Directions for this task:
Could you report every line from the entries that includes the word "Page"?

BEGIN

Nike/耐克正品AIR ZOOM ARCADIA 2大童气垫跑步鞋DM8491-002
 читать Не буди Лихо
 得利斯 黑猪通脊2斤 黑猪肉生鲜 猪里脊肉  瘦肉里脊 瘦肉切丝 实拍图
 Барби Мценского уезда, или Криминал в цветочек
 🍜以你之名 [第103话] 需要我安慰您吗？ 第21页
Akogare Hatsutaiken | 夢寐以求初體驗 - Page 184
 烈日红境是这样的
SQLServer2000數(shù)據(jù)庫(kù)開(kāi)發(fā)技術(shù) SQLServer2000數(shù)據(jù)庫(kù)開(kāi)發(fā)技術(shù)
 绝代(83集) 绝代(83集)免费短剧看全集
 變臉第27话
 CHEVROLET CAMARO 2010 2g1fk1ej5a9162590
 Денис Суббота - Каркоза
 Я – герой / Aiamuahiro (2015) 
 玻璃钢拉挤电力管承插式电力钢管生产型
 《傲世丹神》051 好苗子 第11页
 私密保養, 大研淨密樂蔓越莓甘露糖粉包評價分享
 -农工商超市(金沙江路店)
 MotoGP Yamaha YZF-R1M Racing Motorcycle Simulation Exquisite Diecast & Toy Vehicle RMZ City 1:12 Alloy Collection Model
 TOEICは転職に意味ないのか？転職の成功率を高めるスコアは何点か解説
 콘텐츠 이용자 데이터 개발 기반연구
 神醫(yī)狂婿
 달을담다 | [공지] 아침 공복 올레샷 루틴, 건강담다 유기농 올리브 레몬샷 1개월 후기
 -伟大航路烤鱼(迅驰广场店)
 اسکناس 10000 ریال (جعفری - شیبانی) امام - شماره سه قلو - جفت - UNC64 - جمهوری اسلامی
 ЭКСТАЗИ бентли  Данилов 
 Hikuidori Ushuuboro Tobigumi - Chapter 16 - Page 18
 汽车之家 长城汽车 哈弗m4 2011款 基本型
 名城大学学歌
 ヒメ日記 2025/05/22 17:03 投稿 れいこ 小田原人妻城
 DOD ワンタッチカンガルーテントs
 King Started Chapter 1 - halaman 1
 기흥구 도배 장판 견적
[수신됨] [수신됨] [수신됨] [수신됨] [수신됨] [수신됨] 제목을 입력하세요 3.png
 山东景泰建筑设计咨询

END

Response to the exercise:
Akogare Hatsutaiken | 夢寐以求初體驗 - Page 184
 Hikuidori Ushuuboro Tobigumi - Chapter 16 - Page 18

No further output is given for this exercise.